Archeologists peel back the earth to learn about people who made history.

Archeologists work by digging into sites and collections. When they excavate, archeologists use tools you might recognize.

Putting together a story from archeology is like doing a big puzzle without the box lid. Artifacts are some of the pieces, but only part of the total picture. Keep going to find out how archeologists put the puzzle together.

(photo) A mound juts up from a grassy landscape. (Barbara Little)

Surveys take place in fields, underwater, and even on rock faces.

"Where do we start?" An archeologist scans a field. A glint of white catches her eye. She bends down to see a piece of ceramic and some rusty nails. Marking the cluster of artifacts with flags, she keeps looking, but this looks like a good spot to excavate.

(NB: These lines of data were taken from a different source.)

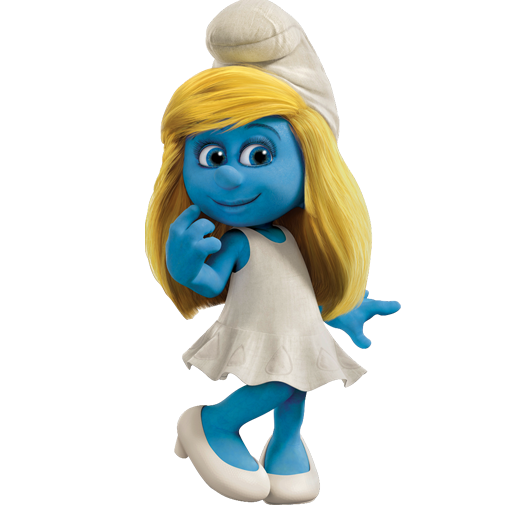 smurf, smurfette icon the smurfs movie iconset designbolts #22667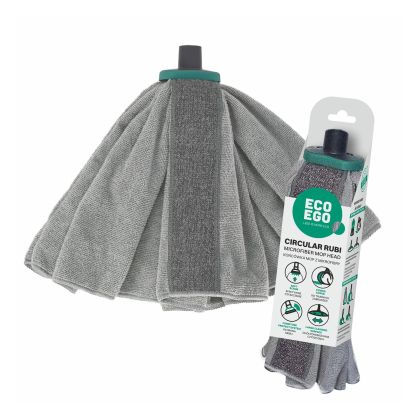Моп York Eco Ego Rubi, микрофибър, с конусовидна резба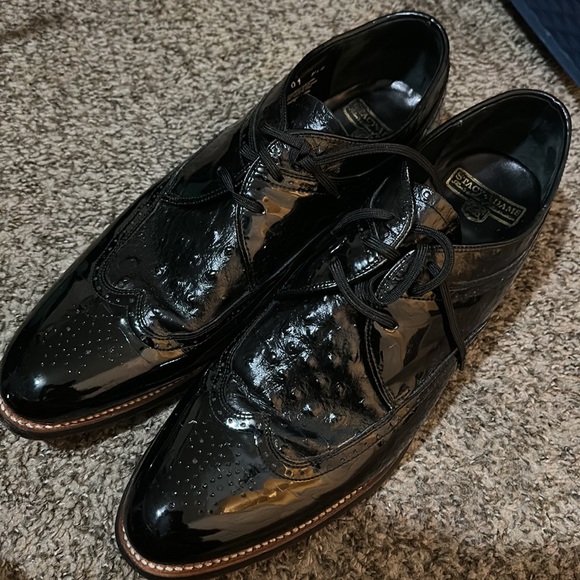 Stacy Adams with ostrich feathers size 11.5 - Picture 6 of 6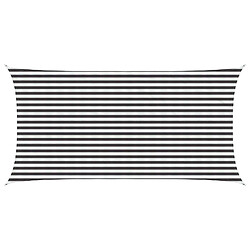 vidaXL Voile d'ombre Anthracite et blanc 2,5 x 6 m HDPE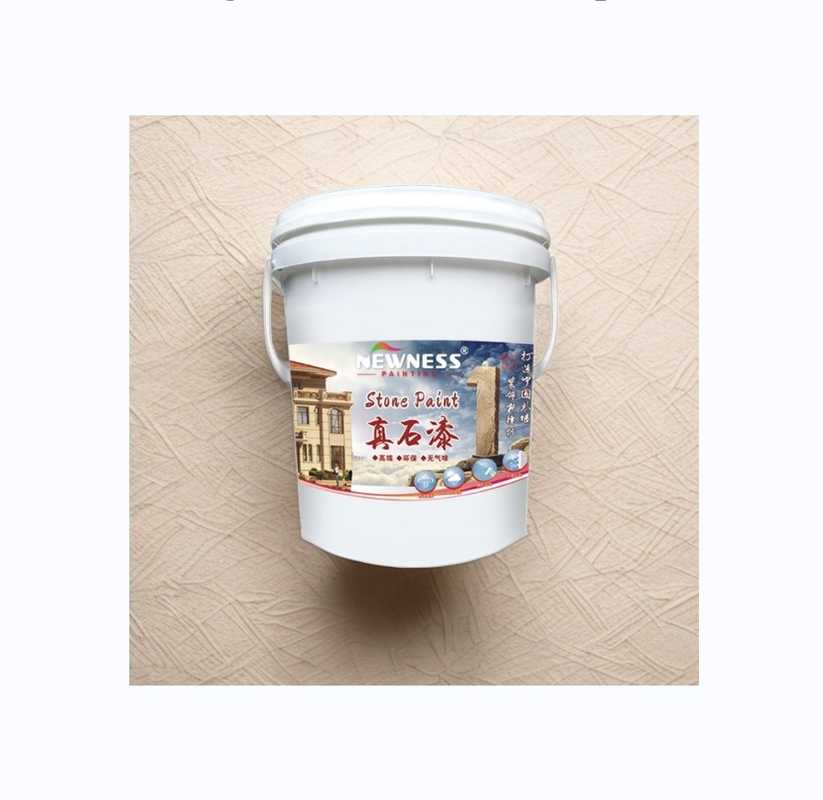 Spray Application Made Easy with Super Adhesion Exterior Texture Wall Coat Stone Effect Paint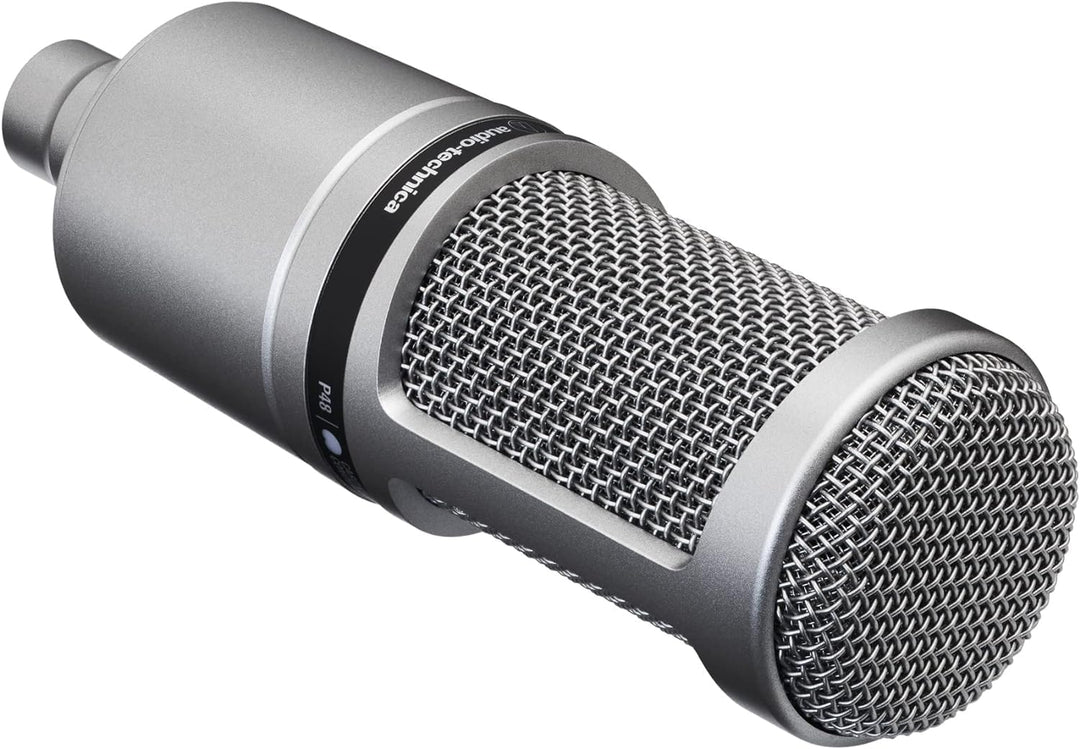 Audio-Technica AT2020 Kondensatormikrofon mit Nierencharakteristik (XLR Anschluss) für Voiceover, Po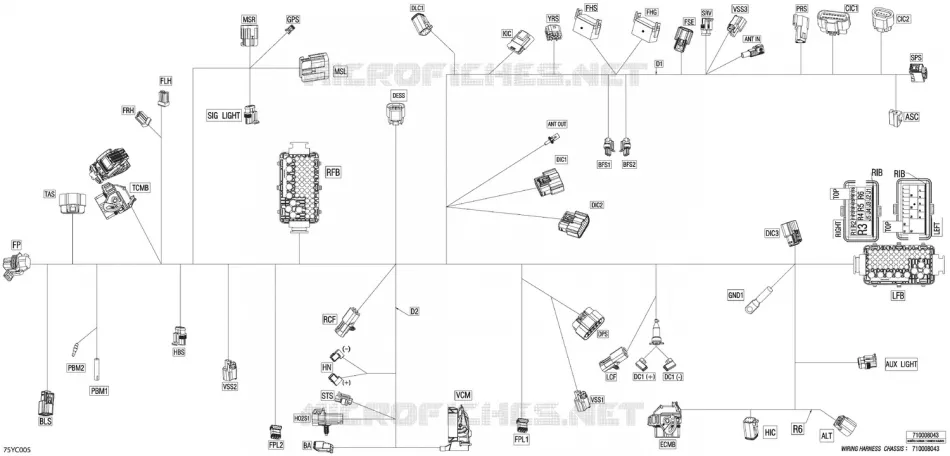 08- ELEKTRISCHER KABELBAUM - MAIN HARNESS - 710008043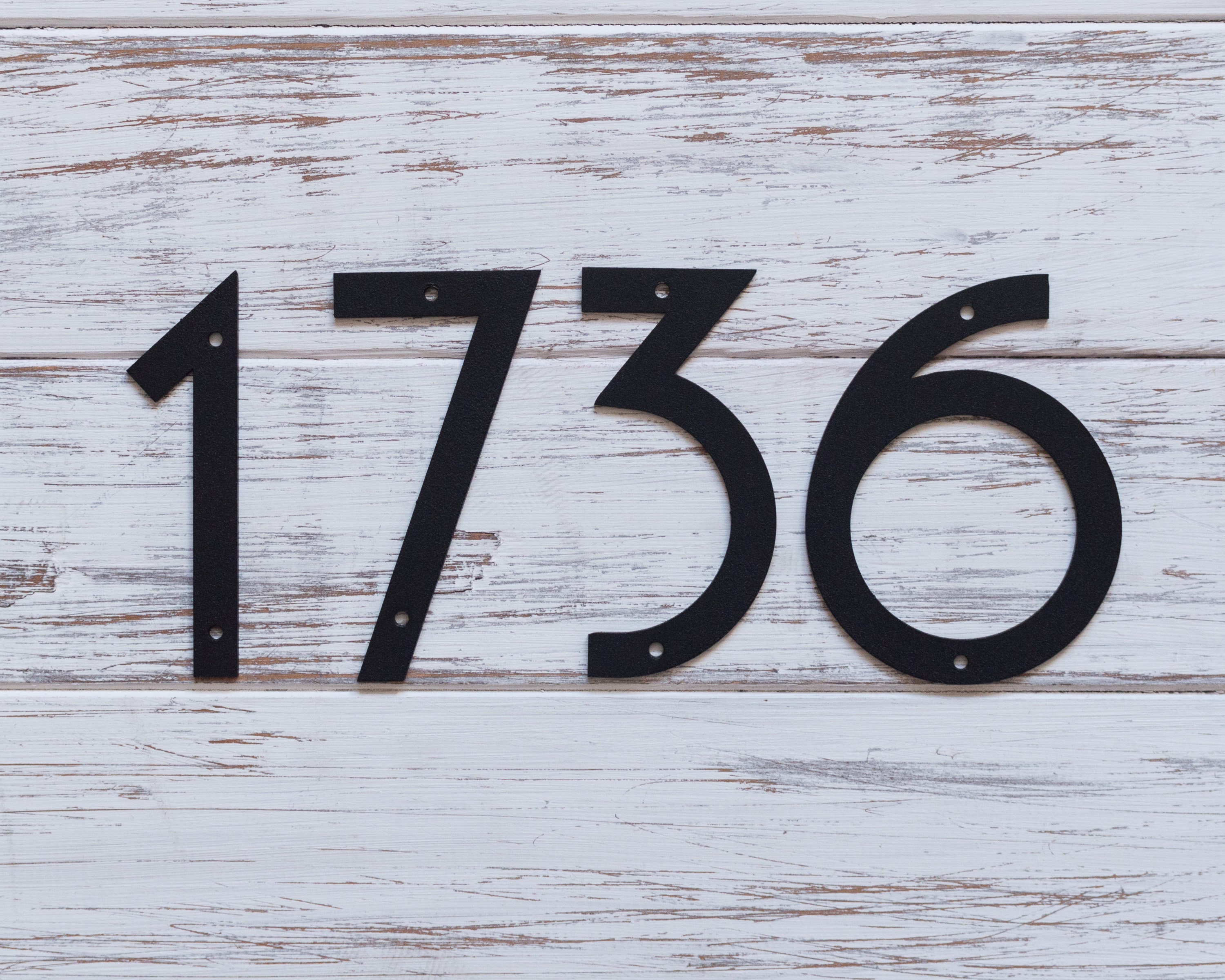 metal house numbers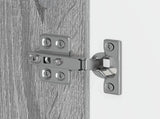 Bathroom Storage Cainet ARNHEM Grey Sonoma 59.5 x 31 x 80 cm 896621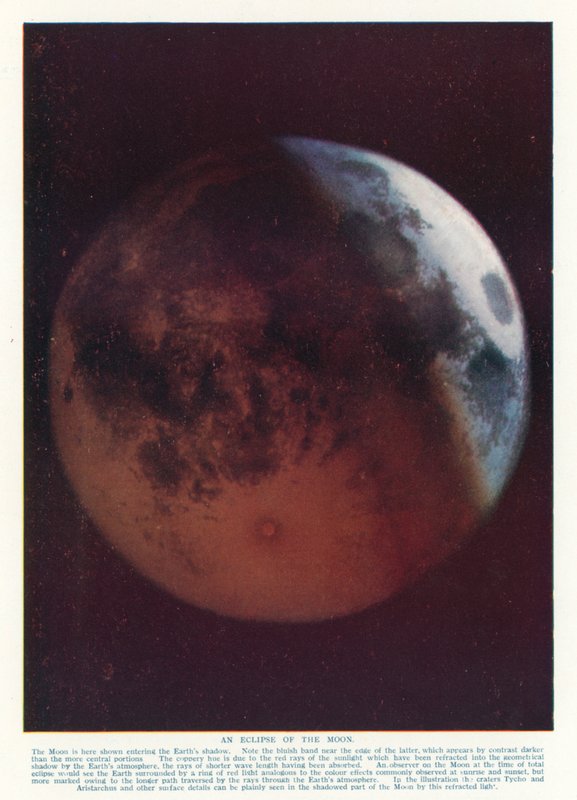 Eclipse da Lua (cor litho) de English School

A site survey helps archeologists narrow down where to start. They mark likely places and dig small, but controlled, test pits to get a preview of what they might find. Sometimes computer-driven equipment helps them to see into the ground.

(photo) Two archeologists use measuring tapes. (Midwest Archeological Center)

Careful measurements now mean fewer headaches later.

Who cares about being a professional maker of measurements? Archeologists do. Careful measurements are important to make a good record of a site.

Archeologists use geometry to lay out excavation units and triangulate the locations of features. They start from a datum point. Peering through a transit measures across sites. A plumb bob weighs down the string to make measuring depth easier.

(photo) An excavator brushes away dirt. (NPS)

Some researchers dig into libraries, but archeologists dig in the dirt.

Excavation is the way archeologists look below the surface. Excavation destroys an archeological place, so archeologists are very careful about how and where they dig.

Archeologists grid a site before excavating. Then, layer by layer, unit by unit, they use different tools to dig, photograph, and draw what they see. They also take soil samples and bag up artifacts. If they're lucky, they find features like ancient cookstoves or wells or even buildings.

(photo) Image of rocky layers of soil. (NPS)

Stratigraphy helped archeologists make a timeline for the Mississippi River region.

Each new layer of soil, or stratum, signals a different cultural time period. See how the soil layers change color? A stratum might be a few centimeters or many feet thick. Soil layers usually get older the deeper they go. Archeologists dig until they hit subsoil, a layer without artifacts.

Sometimes archeologists name and date the layers from the artifacts, the texture of the soil, and careful mapping. They put this information into a timeline for the site.

 (photo) Kids dig through artifacts in a screen. (Community Archaeology Program, Binghamton University)

A chance to get your dirty paws on the past.

Buckets and shovelfuls of dirt are dumped in a screen held by a wooden frame. Shaking the screen really hard leaves behind artifacts, stones, and debris. The artifacts go in labeled paper bags to study later. Sometimes archeologists take samples of soil for analysis.

For tiny objects, like beads and seeds, archeologists shoot water through a fine mesh screen in a process called waterscreening.

(photo) Notes and drawings describe what excavators did and saw. (Southeast Archeological Center)

Notes and drawings describe what excavators did and saw.

Good recordkeeping is really important. Archeologists make notes and draw interesting finds the entire time they excavate. The records describe what the archeologists saw in the units. Photographs and maps are another kind of documentation. They show what archeologists saw.

If you've visited an archeological site, then you have seen how old archeological photographs and records help us learn about the past.

(photo) A bighorn sheep. (NPS)

Watch this space see where archeological evidence is found in California.

A sheep is a sheep is a sheep, right? Perhaps. Remember the different kinds of archeologists? Each one uses what they know to look at sheep in a different way.

During a dig, they pool ideas to find all the possible sheepish meanings. Maybe they see sheep images on rocks. Or excavate a historic sheep farm. Or study how grazing sheep change landscapes. Or wonder about the uses for sheep. Or head to collections to compare the faunal finds to another site.